# Viana do Castelo, 22 de setembro de 1999.



## Agreste (13 Out 2019 às 11:50)

O que aconteceu no dia 22 de setembro de 1999 em Viana do Castelo?

segundo o IPMA foram 176,7mm para esse dia.


----------



## "Charneca" Mundial (13 Out 2019 às 12:19)

Um tornado?


----------



## Agreste (13 Out 2019 às 15:25)

2 ciclones tropicais bastante potentes quase simultâneos - Floyd e Gert - na costa leste dos estados unidos reforçaram uma circulação polar anormalmente baixa...

a pressão atmosférica em termos médios para a parte noroeste da península andou pelos 1000mb na segunda quinzena de setembro.
formou-se um centro de baixas pressões complexo a oeste da irlanda que no dia 18 chegou a ter 960mbar

no entanto 176,7mm para um sistema do tipo frontal parecem-me valores muito elevados.
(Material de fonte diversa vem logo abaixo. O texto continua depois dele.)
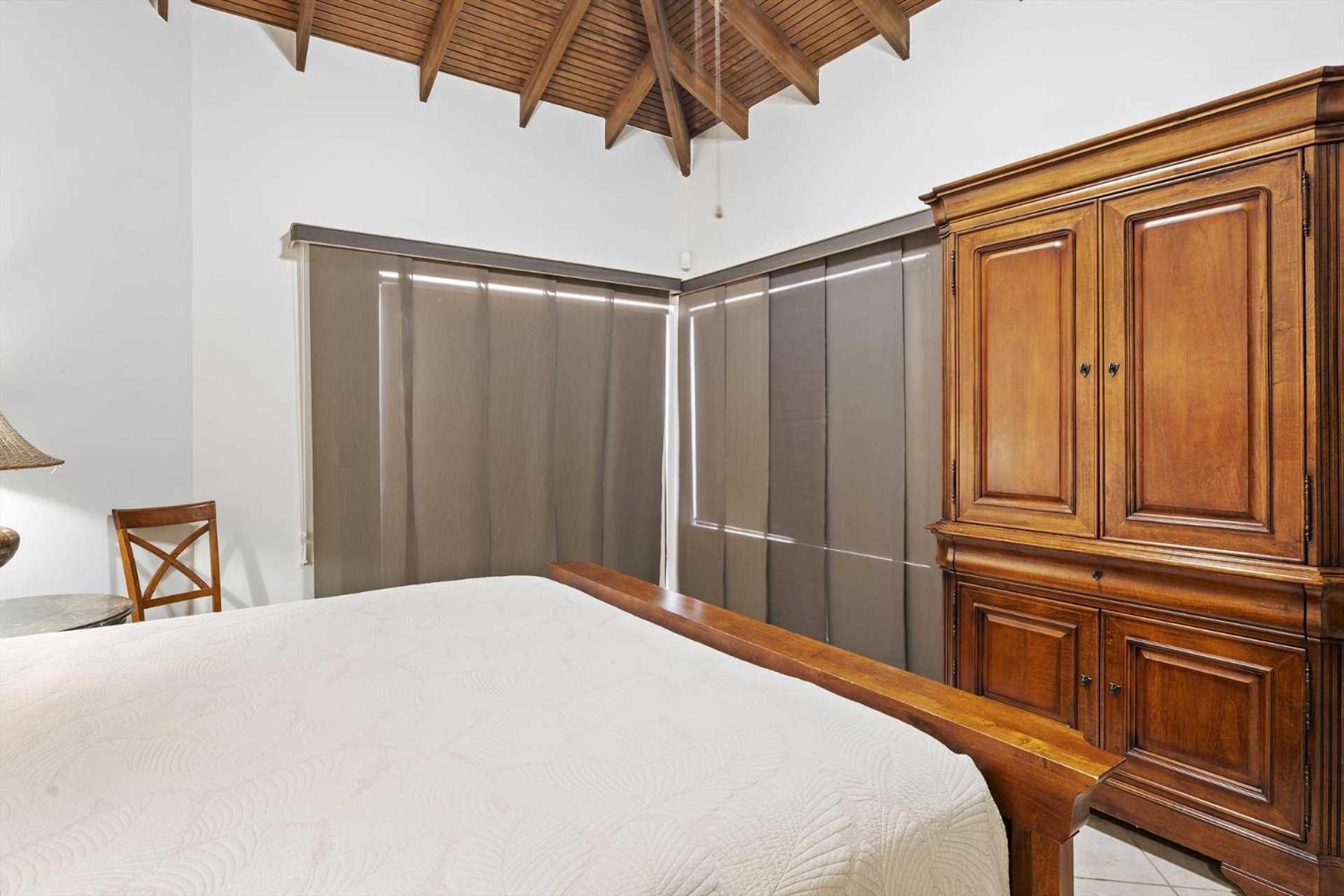 Private Villa With Pool- Island View 3Br-Cb01 Palm Beach Exterior foto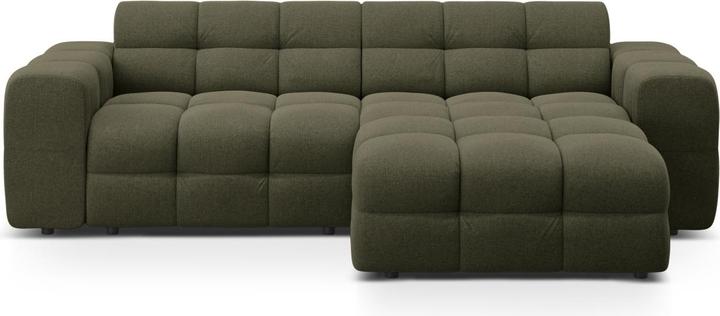 Amazon Green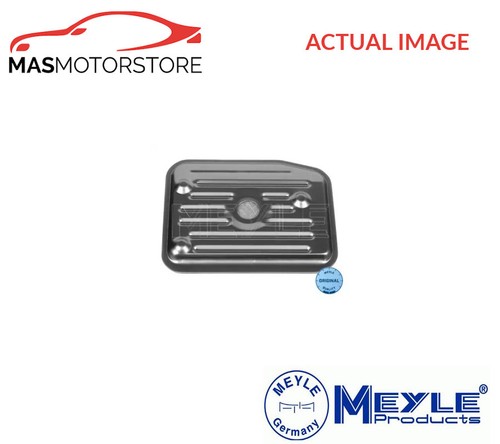 Automatic transmission oil - automatic,
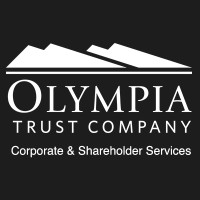 Olympia Trust Corporate & Shareholder Services logo, Olympia Trust Corporate & Shareholder Services contact details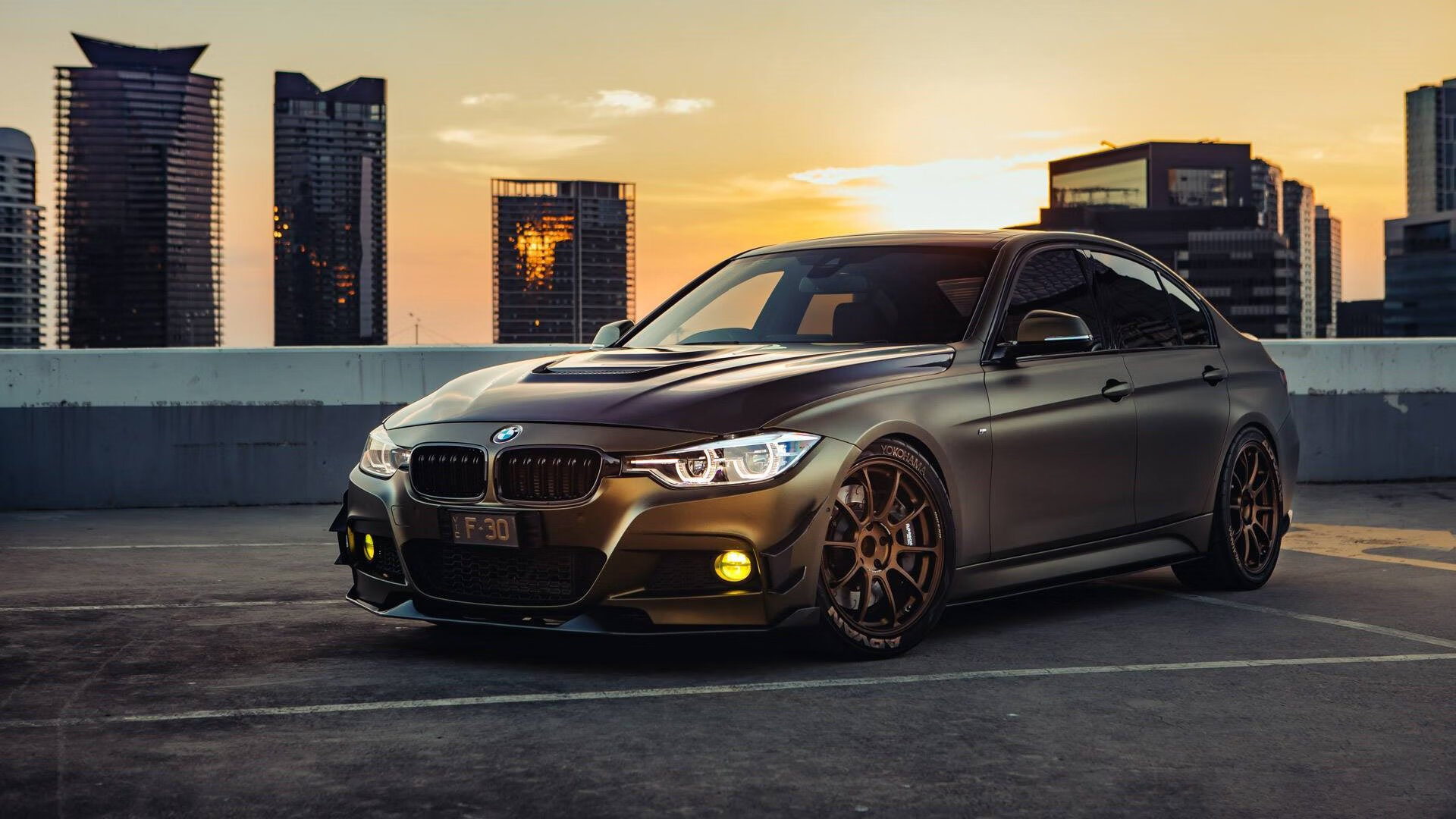 中国三人篮球男队全面升级战术体系,三人篮球 中国男篮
estamos a falar do mês de setembro... e não de pleno inverno.


----------



## Snifa (13 Out 2019 às 15:41)

Pelos registos de dados, nesse dia 22/09/1999 Viana registou cerca de 112 mm, mas não sei que estação foi usada, terá sido a passagem de uma frente de forte actividade 












https://pt.tutiempo.net/clima/09-1999/ws-85430.html


----------